No change as expected. The markets took forward guidance with a surprise. SBP has shown clear indications of not moving towards mildly positive rates. The writing is that the current real rates on forward looking are appropriate for medium-term inflation outlook of 5-7 percent. SBP is not seeing any reason to tighten further to counter expected double-digit inflation in the next few months. The reliance of cutting energy price led import bill is expected through fiscal policy tools. The demand tapering is visible from flattening LSM growth.

The impact of 275 bps increase in the policy rate in the last four months is starting to appear, and that has changed the tone of SBP to be accommodative. SBP has more information than the market. It seems that there are signs of import easing in three weeks of January. The key number to watch in Pakistan is the current account and broad macro stability in the external account. If SBP appears to be comfortable on it, the rest of all variables will start falling in place.

The problem is that the market was smelling blood. They saw 13.25 percent policy rate to tackle 9-11 percent inflation in FY20 and expecting similar rates to tackle 9-11 percent inflation in FY22. A few are betting to get bonds at 13 percent. What they miss is that the inertia of three years demand-led current account deficit, in days when many commodity prices were at decades low, would take time and stern actions to unwind.

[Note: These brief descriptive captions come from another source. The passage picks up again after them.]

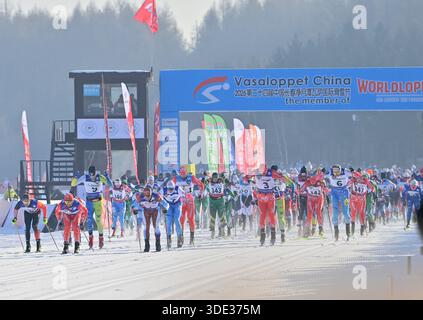 Changchun, China. 4. Januar 2026. Das 24. China Changchun Jingyuetan Vasaloppet International Ski Festival wurde am 4. Januar 2026 in Changchun, der Hauptstadt der nordöstlichen chinesischen Provinz Jilin, eröffnet. Hier traten 2.227 Profi- und Hobbysportler aus 33 Ländern und Regionen bei einem Test der Geschwindigkeit und Ausdauer durch die verschneiten Wälder und Ebenen von Jingyuetan an an. Quelle: Zhang Yao/China News Service/Alamy Live News Stockfoto
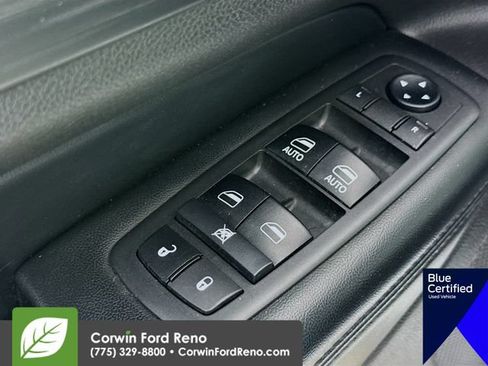 Used 2019 Jeep Grand Cherokee Laredo AWD/4WD image 20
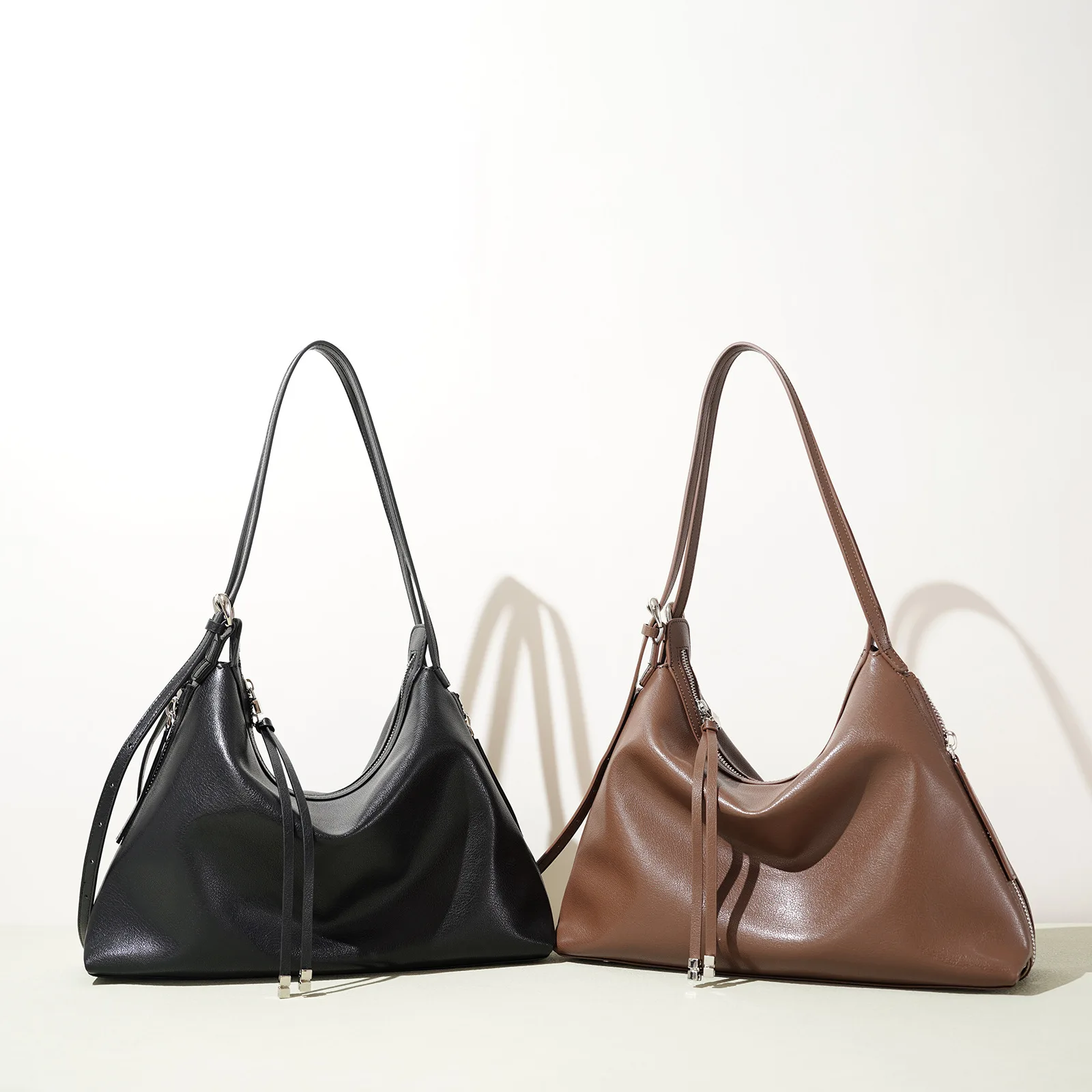

Autumn Winter New Tote Handbag Premium Top Grain Cowhide Leather Trendy Niche Design High End Versatile Shoulder Bag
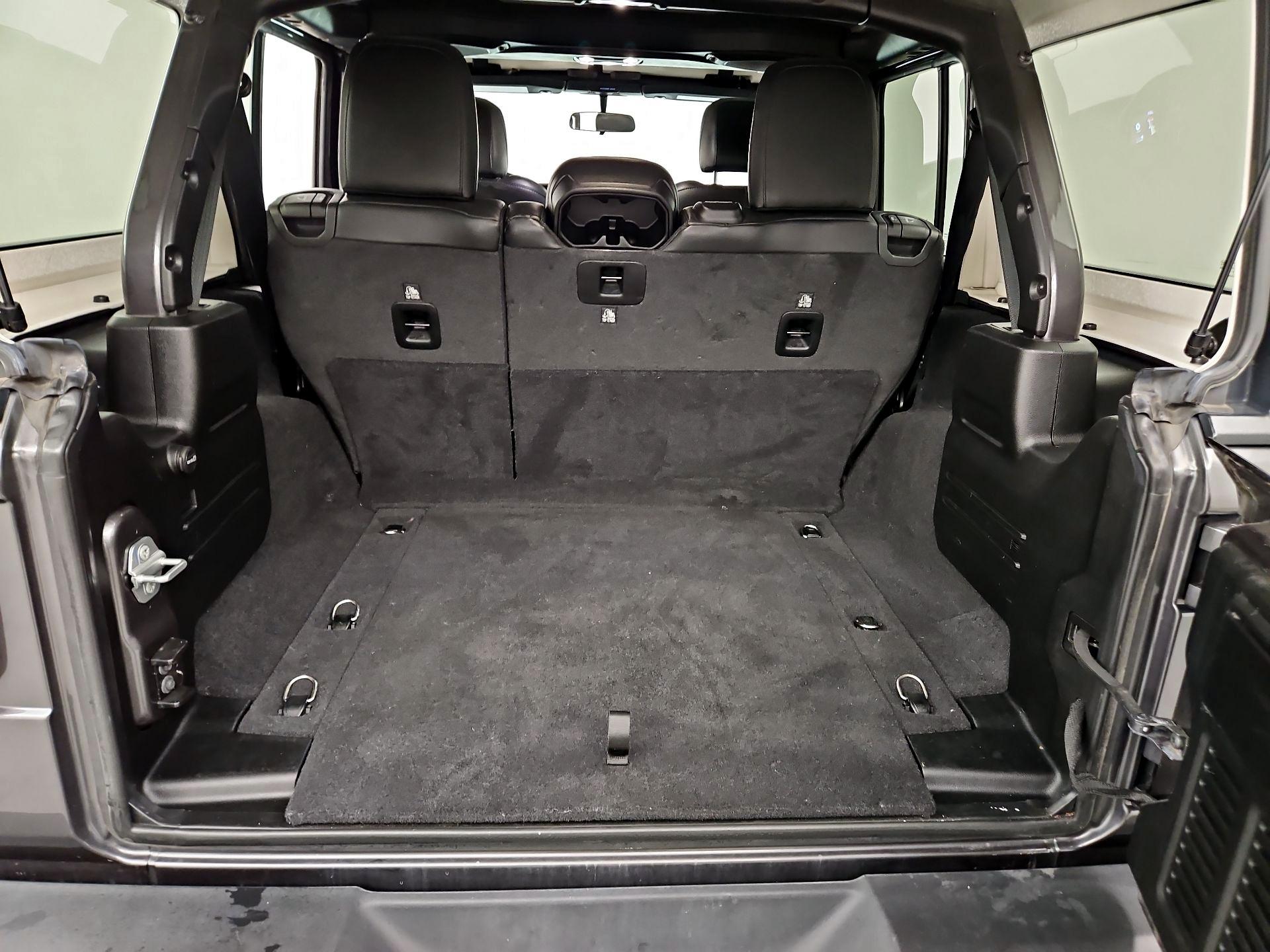 Thumbnail: 2021 Jeep Wrangler - 20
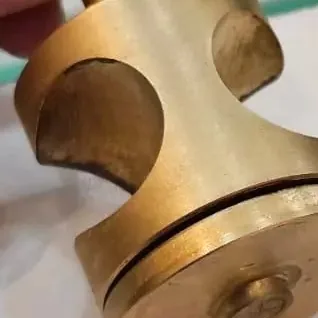 O mesmo rotor limpo e brilhando depois da revisão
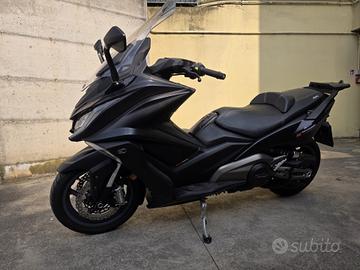 Kymco AK 550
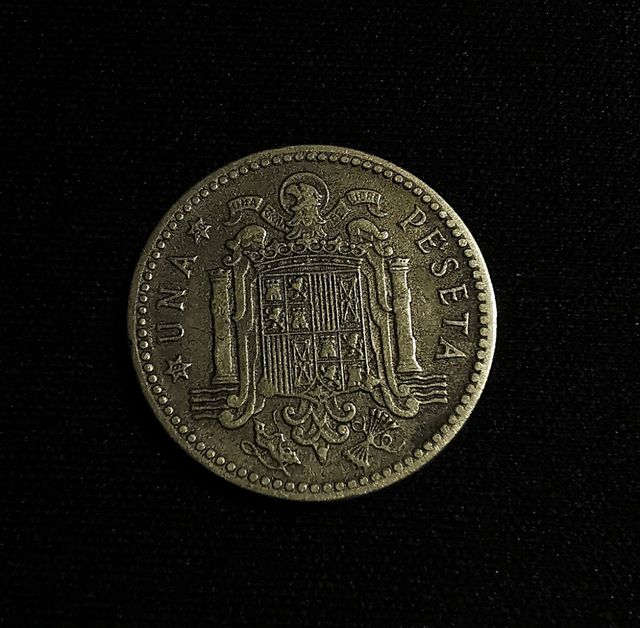 Peseta 1947 estrella *50 error acuñacion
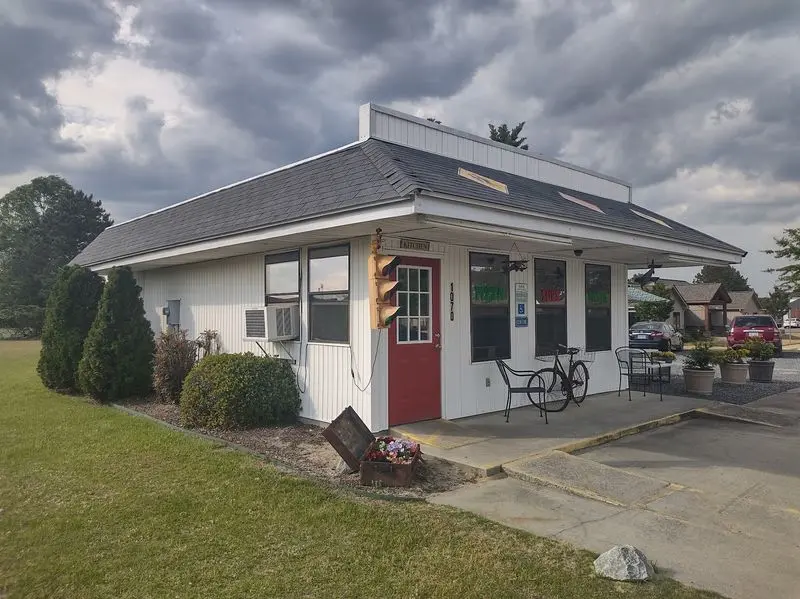 A Quiet Surprise at Seven Lakes Pizza Kitchen - West End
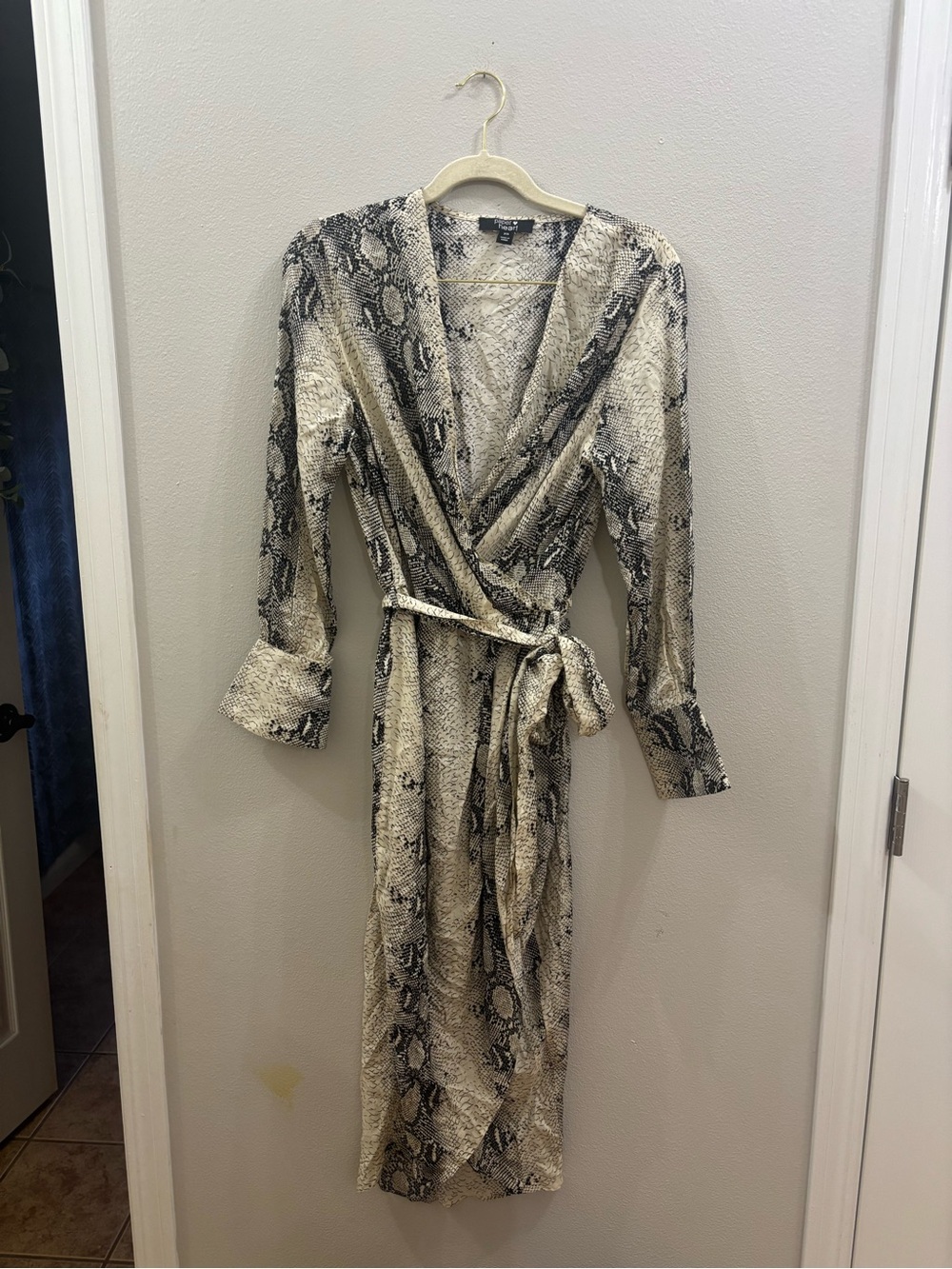 Paper Heart snake-Print Wrap Dress Robe - Neutral size XS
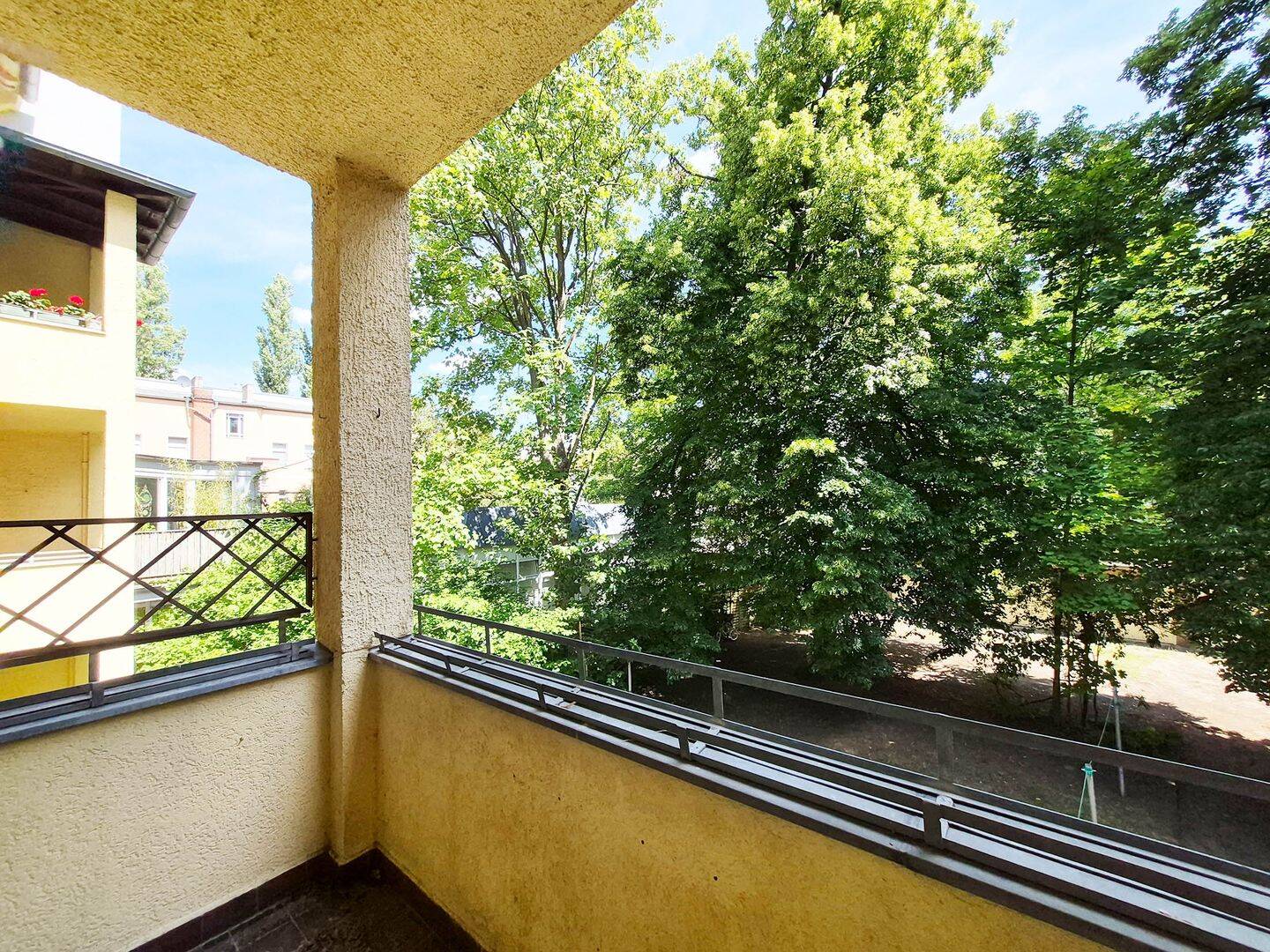 Bezugsfreie 2-Zimmerwohnungen mit Balkon in Berlin-Grünau (provisionsfrei), 12527 Berlin (Treptow-Köpenick Grünau Karolinenhof Schmöckwitz)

Today the case is different. One year of demand-pull is well-handled through 275 bps hike in policy rate and around 15 percent currency depreciation – both these were missed during 2016-18. Demand was unleased. The timely leash this time has put things in place. The numbers are already showing signs of tapering off. And the current account is expected to ease in 2HFY22. That should be enough to put markets on the right path.

Just to give perspective, non-oil current account deficit was $6.5 billion in FY18 and is expected to be in surplus in FY22 ($0.7 bn in 1HFY22). Then the quality (low forward/swap liabilities) and quantity of reserves in 2019 was poorer than 2022. All these factors are part of the policy decision. The dynamics cannot be simply seen for the lens of inflation in an economy like Pakistan.

The market bulls could argue that still oil is a big animal—how can SBP ignore its impact on current account and inflation? Well, oil-related imports tapering could be quick and effective through fiscal policy. One must not forget that today’s current account slippage could be related to 2008, not 2018- as back then commodity prices led to the crisis. The mistake the then federal government made was not to pass on the impact of increase in oil prices to consumers. Here the IMF programme is present to ensure certain fiscal discipline. Then SBP is also relying on other fiscal contractionary measures – such as reduction in development budget and tax measures in the mini budget.

Nonetheless, SBP has dealt with a rough hand. The nascent economic stability is challenged by almost all the commodities simultaneously at their multi-year high. The outlook in the near term is not good. The key is the right mix of fiscal and monetary policies which IMF is ensuring.

The question is whether the markets adjust to SBP’s changing stance. The forward guidance was questioned a few months back and SBP is bold enough to give another sharp shift. The market may take time to adjust. The fiscal side is to tag along with the SBP. In the upcoming T-Bills and PIBs auctions, the treasury office in ministry of finance must sync with SBP’s signal in terms of cut-offs signals. They both must work together on taming market exuberance. P.S: Higher the oil prices go, harder will be to control the market rush of blood.